Pain management physicians, podiatrists, and dentists that perform “invasive medical procedures” in their respective offices are now required to comply with new patient care, medical record, infection control, patient rights, and physical/environmental standards never before applicable to medical or dental offices.  Many Delaware providers may not realize that these regulations could apply to their practices.
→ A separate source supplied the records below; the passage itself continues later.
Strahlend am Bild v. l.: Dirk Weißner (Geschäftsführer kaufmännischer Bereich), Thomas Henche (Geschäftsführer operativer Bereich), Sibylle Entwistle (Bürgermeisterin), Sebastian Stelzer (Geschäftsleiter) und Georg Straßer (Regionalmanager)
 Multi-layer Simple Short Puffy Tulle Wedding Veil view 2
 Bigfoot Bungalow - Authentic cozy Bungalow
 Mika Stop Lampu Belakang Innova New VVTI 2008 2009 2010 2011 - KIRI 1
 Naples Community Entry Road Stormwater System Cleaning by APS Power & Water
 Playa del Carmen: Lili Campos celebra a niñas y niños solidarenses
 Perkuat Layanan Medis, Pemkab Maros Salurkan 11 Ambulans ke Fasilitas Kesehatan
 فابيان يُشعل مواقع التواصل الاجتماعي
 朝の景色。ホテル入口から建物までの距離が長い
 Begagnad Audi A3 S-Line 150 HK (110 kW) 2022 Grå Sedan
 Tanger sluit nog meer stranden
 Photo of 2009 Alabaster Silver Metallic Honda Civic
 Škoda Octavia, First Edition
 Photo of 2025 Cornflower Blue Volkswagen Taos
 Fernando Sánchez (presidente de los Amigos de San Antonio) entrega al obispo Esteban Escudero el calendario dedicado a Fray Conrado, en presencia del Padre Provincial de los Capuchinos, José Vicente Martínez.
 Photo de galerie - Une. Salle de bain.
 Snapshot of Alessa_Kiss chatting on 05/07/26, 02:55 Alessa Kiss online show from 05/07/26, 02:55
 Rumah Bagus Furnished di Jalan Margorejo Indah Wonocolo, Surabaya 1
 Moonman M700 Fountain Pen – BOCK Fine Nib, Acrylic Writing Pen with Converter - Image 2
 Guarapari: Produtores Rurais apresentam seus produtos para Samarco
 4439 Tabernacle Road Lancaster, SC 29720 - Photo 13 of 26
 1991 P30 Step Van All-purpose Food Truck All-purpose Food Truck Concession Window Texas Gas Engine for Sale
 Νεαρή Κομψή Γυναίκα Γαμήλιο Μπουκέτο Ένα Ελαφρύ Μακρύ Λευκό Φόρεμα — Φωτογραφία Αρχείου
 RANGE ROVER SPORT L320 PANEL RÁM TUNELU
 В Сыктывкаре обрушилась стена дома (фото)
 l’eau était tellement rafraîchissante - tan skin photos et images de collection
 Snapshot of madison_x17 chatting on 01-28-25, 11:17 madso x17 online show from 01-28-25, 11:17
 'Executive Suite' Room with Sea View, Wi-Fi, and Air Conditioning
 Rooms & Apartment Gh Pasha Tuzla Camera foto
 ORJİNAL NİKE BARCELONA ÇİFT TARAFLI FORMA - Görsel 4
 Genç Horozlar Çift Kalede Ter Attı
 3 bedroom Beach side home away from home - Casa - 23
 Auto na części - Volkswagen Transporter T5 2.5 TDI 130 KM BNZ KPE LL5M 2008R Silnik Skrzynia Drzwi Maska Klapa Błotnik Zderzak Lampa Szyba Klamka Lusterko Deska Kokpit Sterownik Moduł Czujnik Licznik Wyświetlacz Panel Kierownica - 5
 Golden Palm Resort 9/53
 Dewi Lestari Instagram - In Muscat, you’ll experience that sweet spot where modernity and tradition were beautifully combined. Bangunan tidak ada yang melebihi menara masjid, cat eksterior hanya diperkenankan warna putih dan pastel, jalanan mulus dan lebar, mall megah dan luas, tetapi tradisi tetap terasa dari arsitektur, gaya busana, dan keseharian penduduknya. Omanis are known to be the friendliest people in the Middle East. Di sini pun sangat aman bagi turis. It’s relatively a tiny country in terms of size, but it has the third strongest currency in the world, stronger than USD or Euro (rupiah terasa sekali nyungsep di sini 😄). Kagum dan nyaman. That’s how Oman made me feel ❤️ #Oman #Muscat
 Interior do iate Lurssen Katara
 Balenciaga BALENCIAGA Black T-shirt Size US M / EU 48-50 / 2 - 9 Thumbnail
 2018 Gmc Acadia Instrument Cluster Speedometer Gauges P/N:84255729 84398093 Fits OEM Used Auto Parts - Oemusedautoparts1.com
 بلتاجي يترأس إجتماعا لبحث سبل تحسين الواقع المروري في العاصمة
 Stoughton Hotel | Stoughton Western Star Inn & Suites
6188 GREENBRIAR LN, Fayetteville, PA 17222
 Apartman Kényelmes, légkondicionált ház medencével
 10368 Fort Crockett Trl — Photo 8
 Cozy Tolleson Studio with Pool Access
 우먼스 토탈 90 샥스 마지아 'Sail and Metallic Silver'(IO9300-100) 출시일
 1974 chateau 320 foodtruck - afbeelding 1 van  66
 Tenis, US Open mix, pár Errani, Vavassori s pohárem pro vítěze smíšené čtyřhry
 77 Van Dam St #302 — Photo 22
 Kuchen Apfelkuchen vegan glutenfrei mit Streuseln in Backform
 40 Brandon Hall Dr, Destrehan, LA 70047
An “invasive medical procedure” is defined as any medical procedure, including dental or podiatric procedures, in which the accepted standard of care requires anesthesia, major conduction anesthesia or sedation.  As you can see, whether the procedure is actually “invasive” does not factor into the meaning of the term at all.  For example, manipulation under anesthesia is not “invasive” in any sense, but the standard of care does require anesthesia.  Finally, “anesthesia” is defined broadly to include anxiolysis, conscious sedation, deep sedation, major conduction anesthesia, minimal sedation, moderate sedation or general anesthesia.  The definition of “anesthesia” explicitly excludes (1) local anesthesia, (2) the administration of less than 50% nitrous oxide in oxygen with no sedative or analgesic medications by any route, or (3) a single, oral sedative or analgesic medication administration in doses appropriate for the unsupervised treatment of insomnia, anxiety, or pain.

One of the more strenuous requirements for these offices is accreditation.  The regulations, per statutory direction, require any medical or dental office where invasive medical procedures are performed to be accredited by one of five different accrediting organizations.  The accreditation process can be lengthy and can pose considerable costs.  One accreditation organization that has been contacted reported that the minimum survey fee is roughly $4,300, with an application fee of $775.  This of course does not take into account the costs on a medical or dental practice for the staff time and effort necessary to help complete the accreditation process.  One accreditation organization reported that the accreditation process can take 4-6 months from the submission of an application. 

More problematic, however, is that accreditation organizations are not simply certifying Delaware facilities’ compliance with the Delaware regulations; they impose their own requirements.  For example, one accreditation organization requires a facility to have a governing body that is fully and legally responsible for the performance of the organization, which must satisfy a long list of specific governance requirements.  One such governance requirement is to establish a system of financial management and accountability and formulate long-range plans in accordance with the goals of the organization.  Other requirements govern the actual administration of the organization.  Many of the additional requirements not contemplated by Delaware law are entirely foreign to small medical and dental practices that are not accustomed to being treated like larger, formalized entities.

What is clear from correspondence with the Delaware Office of Health Facilities Licensing and Certification is that the standards, including accreditation, are ready to be enforced.  There are formalized complaint procedures contained in the regulations, and facilities are subject to sanctions, up to an order of closure or order to cease invasive medical procedures, for violations of the regulations.

All such facilities in operation as of July 5, 2011 were required to submit proof of accreditation or the application for accreditation by August 14, 2014.  The deadline has passed, so immediate steps must be taken to achieve compliance.  As for facilities that become operational after July 5, 2011, proof of accreditation must be submitted within 12 months of the first day of operation.  Compliance with the remaining requirements of the regulations must be achieved immediately.